Many aim to build the power of workers and communities, civil society organizations, workers' rights groups and social movements. They are working with vulnerable populations, children, families and communities to close the racial wealth divide. There is widespread acknowledgment that we must advance systemic efforts to shift the economy to help drive meaningful change for communities of color.
Advocates in the social justice movement are watching corporate America, businesses, equity investors, philanthropy and funder collaboratives as they decide who, what and where to invest. Will those working furthest from justice but closest to the brokenness of our systems and inequities be engaged? Or will they find themselves still needing to validate the viability of their methods because they are too risky for funders to be considered "investable"?

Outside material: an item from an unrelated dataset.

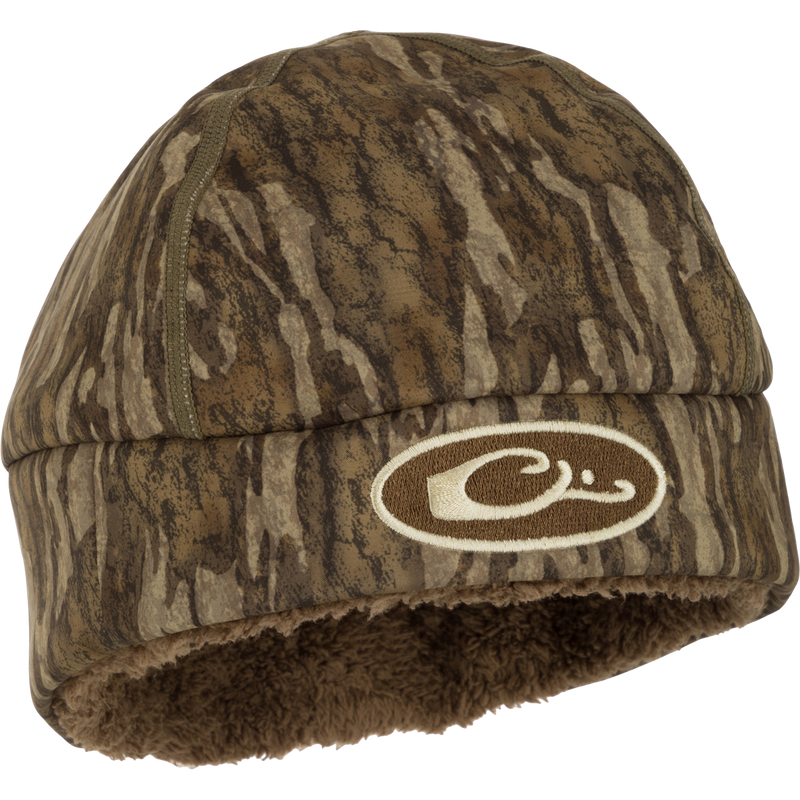 LST Windstopper Beanie: A camouflage hat with a logo, perfect for hunting and outdoor activities.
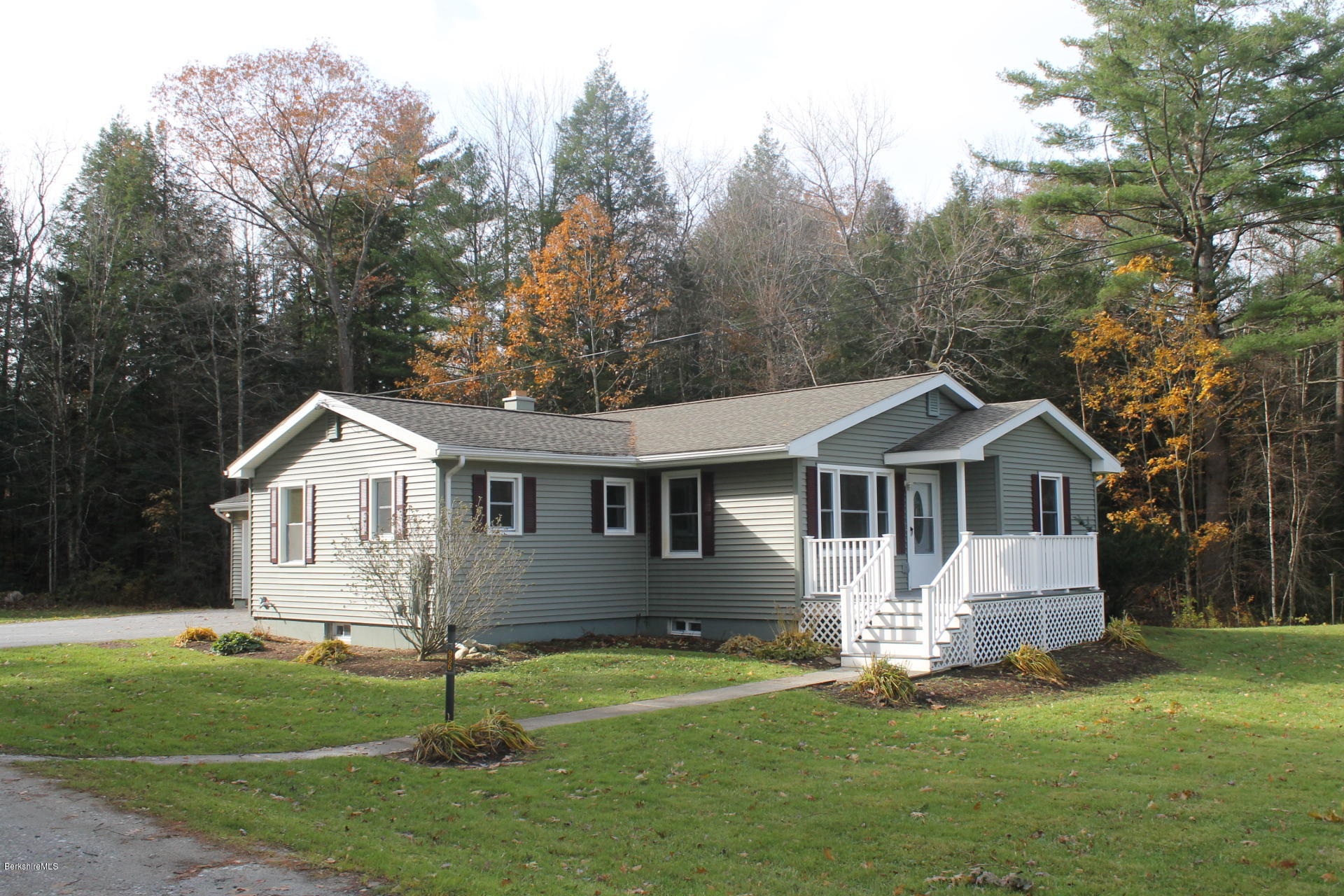 986 Middle Road Clarksburg, MA 01247 - Photo 1 of 20 a front view of a house with a yard and trees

The good news is that decision-makers have more tools at their disposal than ever before. The real question is whether there is a political will to operationalize practices to reduce racial wealth inequity and advance racial wealth solutions developed by the community.
We offer a racial wealth equity-focused approach, from more than five years of learnings, through the Building High Impact Nonprofits of Color Initiative (BHINC), as another method for consideration. BHINC is a national initiative to address the racial wealth divide. Initially piloted in 2016 with 10 organizations in two cities, the Initiative expanded to eight cities and now boasts a national network of 46 nonprofits and more than 90 nonprofit leaders of color. To address the national challenge of bridging a broad and deep racial wealth divide, BHINC empowers participating nonprofit executives through a collaborative growth process of education, development and support. This is accomplished through three fundamental program strategies: (1) Leadership and organizational development, provided by consultants of color and those who work through a race-conscious lens; (2) Racial economic equity training, rooted in current local data; and (3) Leveraging of national and in-city networks for organizational growth.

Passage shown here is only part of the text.